All’inizio del ventunesimo secolo, Amis figlio trova inspiegabile il comportamento del padre nel 1941. Ancor più incomprensibile il fatto che sia rimasto un membro del piccolo partito comunista britannico per altri quindici anni, quando ormai non poteva esserci più dubbio sulla natura totalitaria del regime sovietico e sui crimini di Stalin. Giovandosi del vantaggio conferito da una più ampia prospettiva storica, chi scriveva – come Martin Amis – nel nuovo secolo, avrebbe presumibilmente dato anche un giudizio completamente diverso sulla vitalità del liberalismo. Non ci hanno ripetuto fino alla nausea proprio in quegli anni che una società liberale era ormai l’unico orizzonte politico concepibile? Che la “rivoluzione liberale mondiale” – come la chiamava Fukuyama – si era compiuta con il crollo del muro di Berlino e la conseguente fine della storia?

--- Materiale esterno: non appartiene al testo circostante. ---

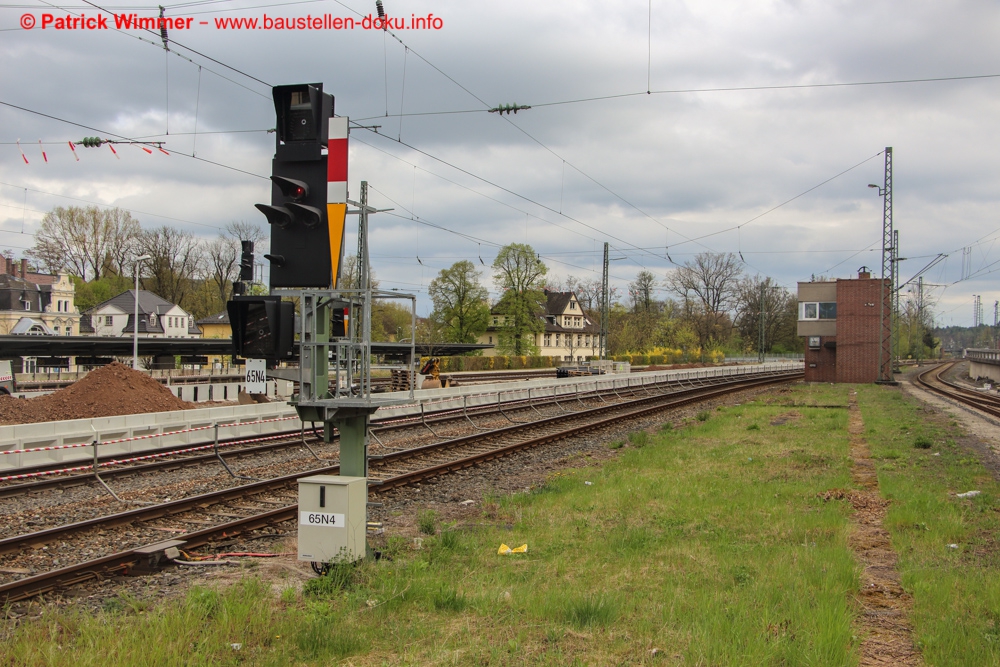 Umbau Bahnhof Coburg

Ricordarsi dei brutti scherzi che gioca lo spirito del tempo dovrebbe spingerci a diffidare di chi oggi sale sul proprio cadreghino liberale per ammonirci sull’irreparabile estinzione del socialismo. Chi professa tanta sensibilità allo spirito del tempo dovrebbe almeno prestare attenzione alla storia. Che suggerisce a che non è affatto prudente farsi condizionare troppo dall’opinione dominante in un dato momento e luogo nel giudicare dell’attualità, o delle prospettive future, del socialismo inteso come ideale politico. In fondo, come ha scritto Tony Judt, anche dello stesso liberalismo si potrebbe dire che è un’idea del diciannovesimo secolo con una storia nel ventesimo. Ciò non comporta affatto che abbia perso rilevanza all’inizio del ventunesimo.

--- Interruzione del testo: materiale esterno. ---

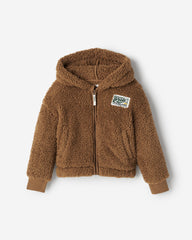 Toddler Creekside Shearling Fleece Full Zip Hoodie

Per valutare l’attualità e le prospettive del socialismo come ideale politico bisognerebbe prenderlo sul serio. Chiedersi se è convincente. Se i principi che lo articolano sono coerenti, e se siano o meno compatibili con altri principi cui riconosciamo un’autorità sul piano morale. Da questo punto di vista, come ha sostenuto Jerry Cohen, il socialismo non è messo così male. L’idea di un modo di relazione tra le persone che non sia guidato dalla ricerca del profitto, ma da una genuina solidarietà nei confronti degli altri, dovrebbe apparire immediatamente attraente. Specie se essa viene sviluppata, come avviene nei lavori di Cohen e in quelli di altri socialisti contemporanei, mostrandone il legame con una plausibile interpretazione dell’eguaglianza di opportunità temperata dall’aspirazione di preservare il legame sociale. Piuttosto che rivestirsi del piumaggio della nottola di Minerva per pronunciarsi sulla morte del socialismo, certi liberali nostrani farebbero meglio a provare a rispondere alla domanda posta da Cohen: perché non il socialismo?